Start of RECORDED DATA
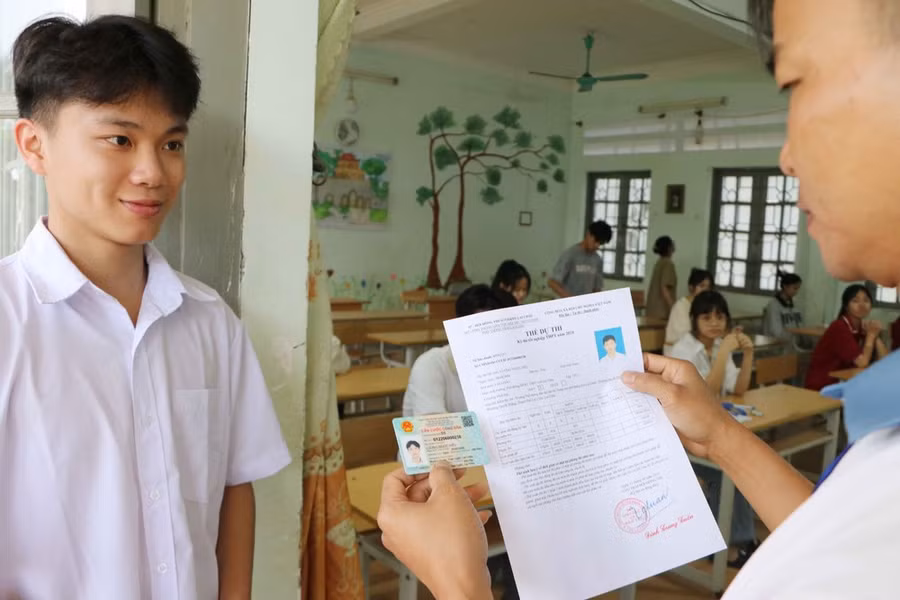 Thí sinh dự Kỳ thi Tốt nghiệp trung học phổ thông. (Ảnh: TTXVN)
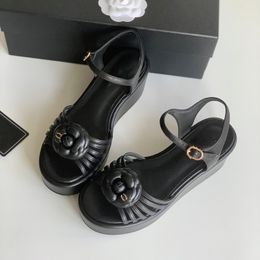 Nieuwe zomersandalen pantoffels ontwerpers sandalen beroemde designer dames Klassieke camelia's Lijnbandsandalen Platte dia's Slippers leer Outdoor Loafers Strandkleding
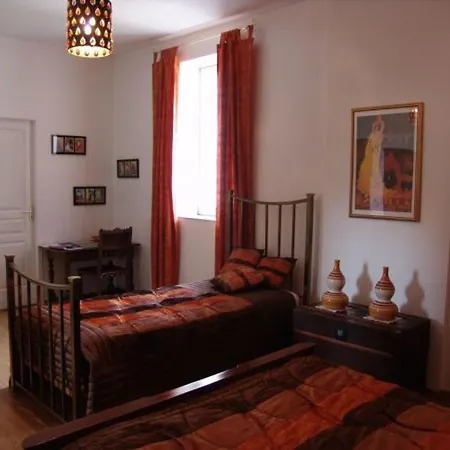 Detente A : 4 Chambres, Terrasse, Jardin - Fr-1-585-154 Montigny-les-Vaucouleurs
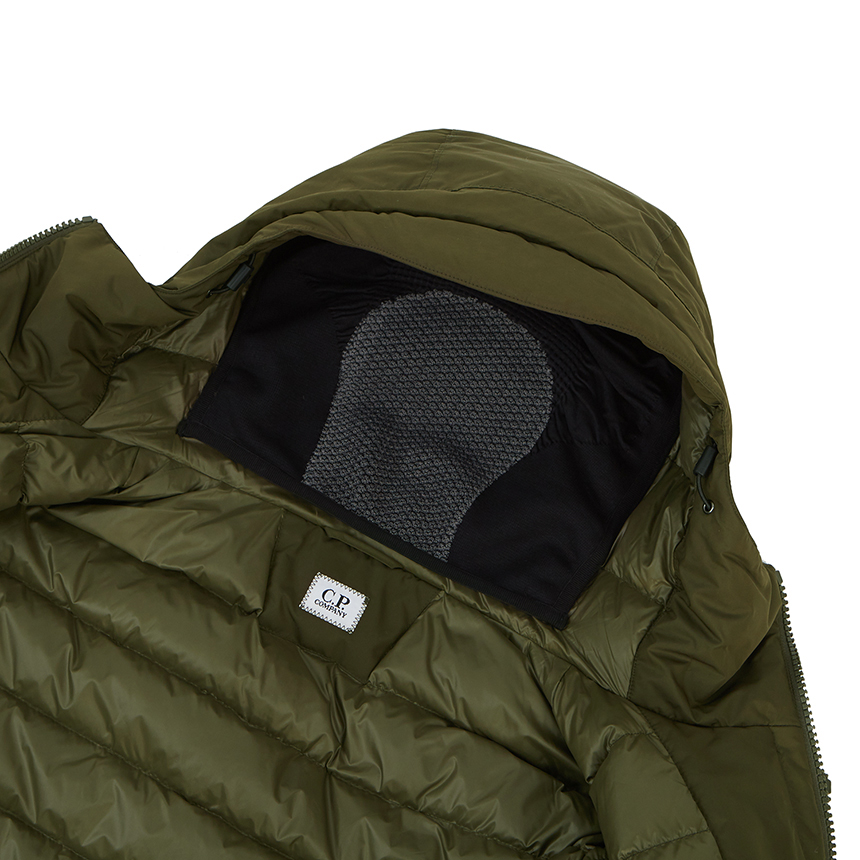 씨피컴퍼니(CP COMPANY) 마이크로 M 렌즈남자 패딩 점퍼 자켓 09CMOW096A 004275A 683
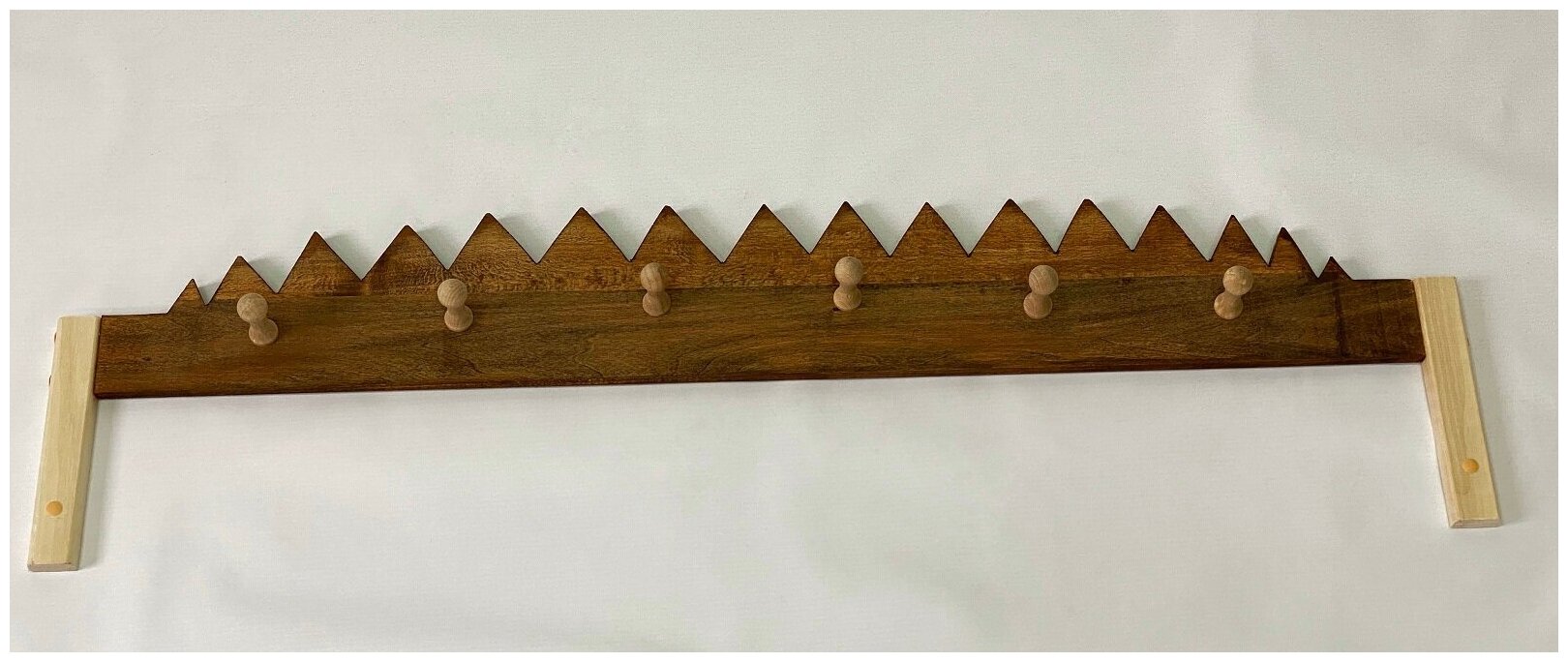 Вешалка для бани и сауны деревянная Пила 6 крючков - фотография № 5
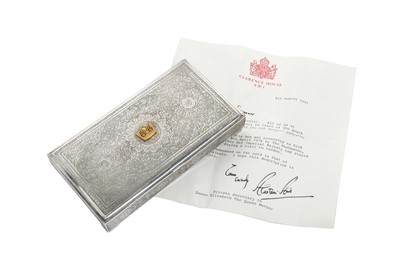 Lot 365 - A COMMEMORATIVE SILVER BOX
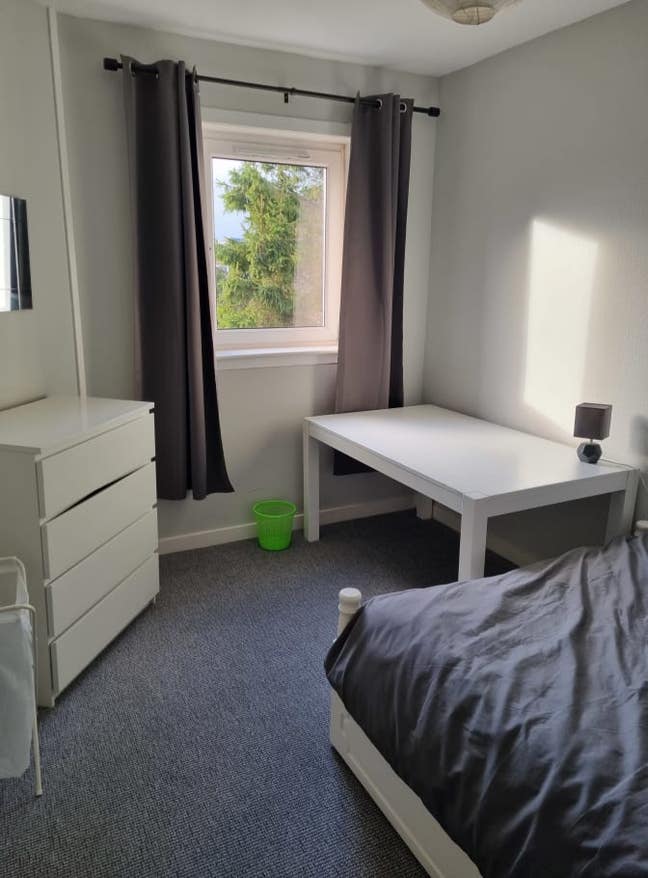 A spacious room in West Edinburgh  Main Photo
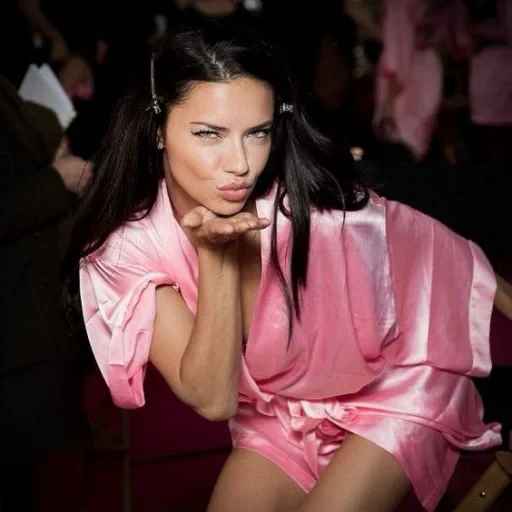 🤩 Стикер «Adriana Lima» для Telegram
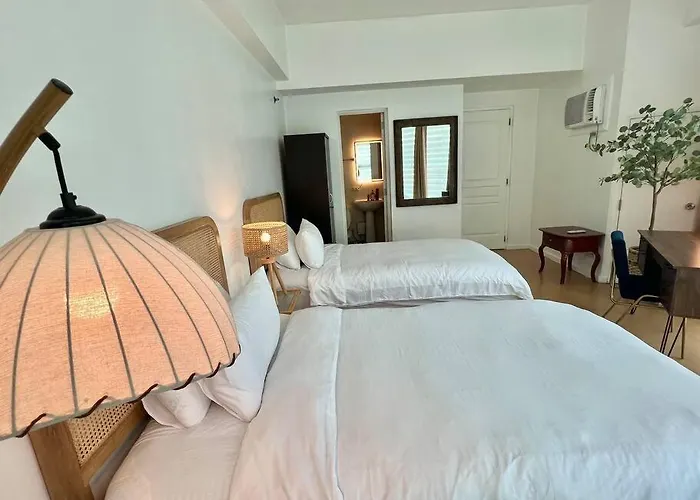 Apartment Charming 3-br In Bgc Manila
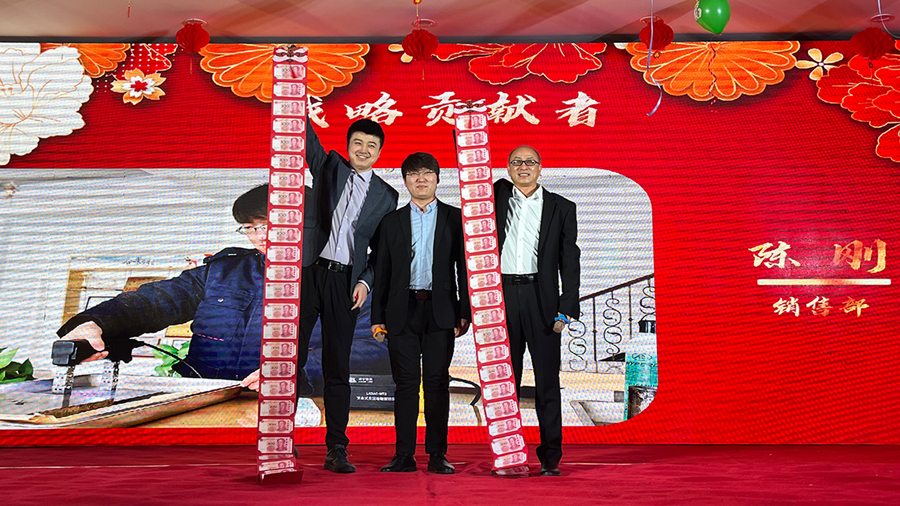 亚洲精品久久一区二区三区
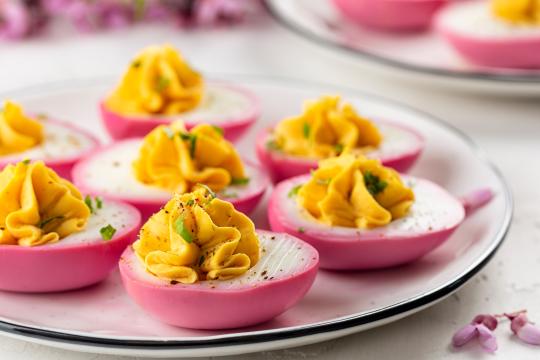 gevulde eitjes met roze buitenkant voor pasen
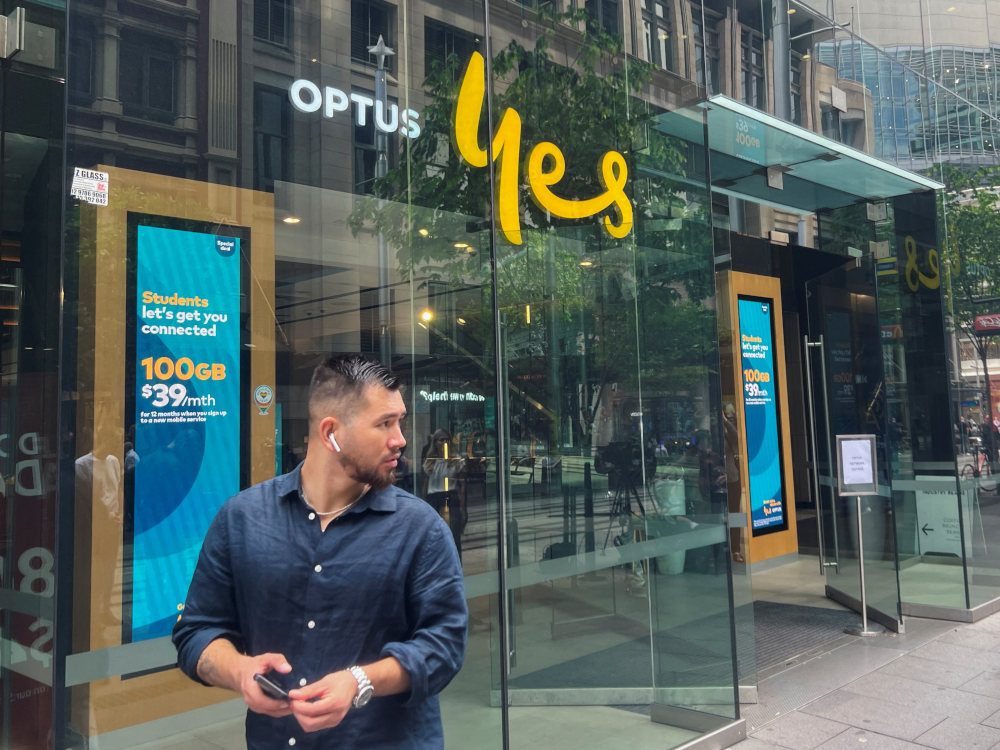 Optus network outage cuts off millions of Australians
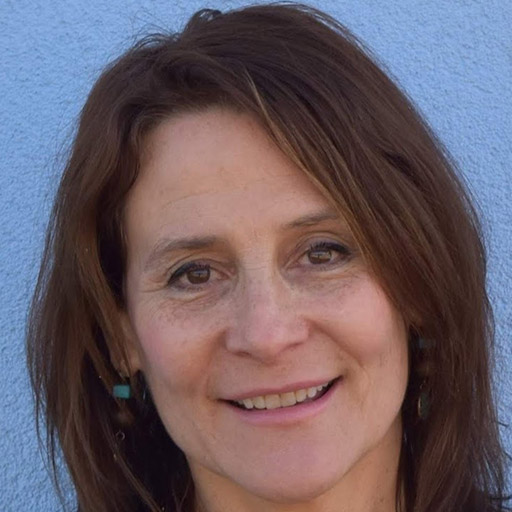 Laura Giosh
End of RECORDED DATA
### EXERCISE DETAILS:
Please retype the entries above word for word, but only from the line containing "씨피컴퍼니(CP COMPANY) 마이크로" through the last line, and without the pictures.

### RESPONSE BOX:
 씨피컴퍼니(CP COMPANY) 마이크로 M 렌즈남자 패딩 점퍼 자켓 09CMOW096A 004275A 683
 Вешалка для бани и сауны деревянная Пила 6 крючков - фотография № 5
 Lot 365 - A COMMEMORATIVE SILVER BOX
 A spacious room in West Edinburgh  Main Photo
 🤩 Стикер «Adriana Lima» для Telegram
 Apartment Charming 3-br In Bgc Manila
 亚洲精品久久一区二区三区
 gevulde eitjes met roze buitenkant voor pasen
 Optus network outage cuts off millions of Australians
 Laura Giosh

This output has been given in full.